The impact of cardiac arrest on NHS resources in intensive care may be represented by the treatment of unconscious survivors, which accounts for 5.6% of the total UK adult general intensive care unit (ICU) bed days in the Intensive Care National Audit and Research Centre Case Mix Programme Database (ICNARC CMPD; Nolan 2007).

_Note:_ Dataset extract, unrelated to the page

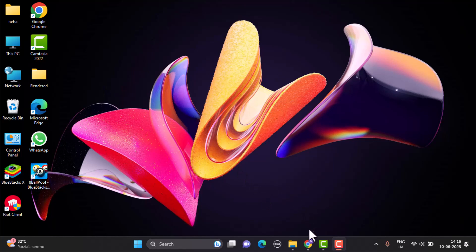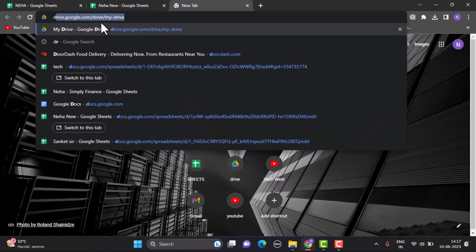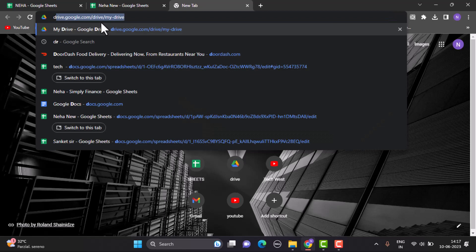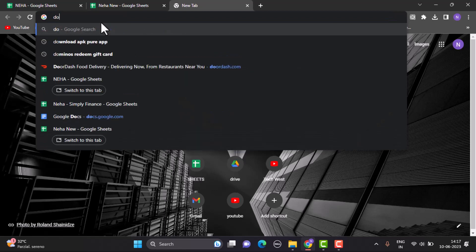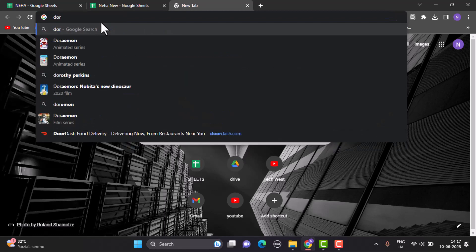To begin with, first thing first, open up your web browser. After that, in the search box, type in DoorDash and then log in to your account.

Therapeutic hypothermia (also called targeted temperature management) has gained support as a method to counteract the destructive mechanisms of cardiac arrest, although there is some uncertainty both about the benefits of this approach compared with normothermia and about the optimal target temperature for hypothermia. A Cochrane Review (Arrich et al. 2012) of hypothermia for neuroprotection in adults after cardiopulmonary resuscitation concluded that conventional cooling methods to induce mild therapeutic hypothermia improved survival and neurological outcomes. A more recent review of clinical trial data concluded that mild hypothermia, defined as a reduction of core temperature to 32–34°C, is the only proven way to improve survival and neurological outcomes after sudden cardiac arrest (Weng 2012). Regarding the optimum target temperature for therapeutic hypothermia, 1 large, high quality randomised controlled trial concluded that, in unconscious survivors of out‑of‑hospital cardiac arrest of presumed cardiac cause, hypothermia at a target temperature of 33°C did not confer any benefit over maintaining a target temperature of normothermia at 36°C (Nielsen 2013). Updated guidelines from the UK Resuscitation Council on the place in management of therapeutic hypothermia are planned to publish during 2015.

This briefing focuses on the Thermogard XP temperature management system for achieving therapeutic hypothermia after cardiac arrest.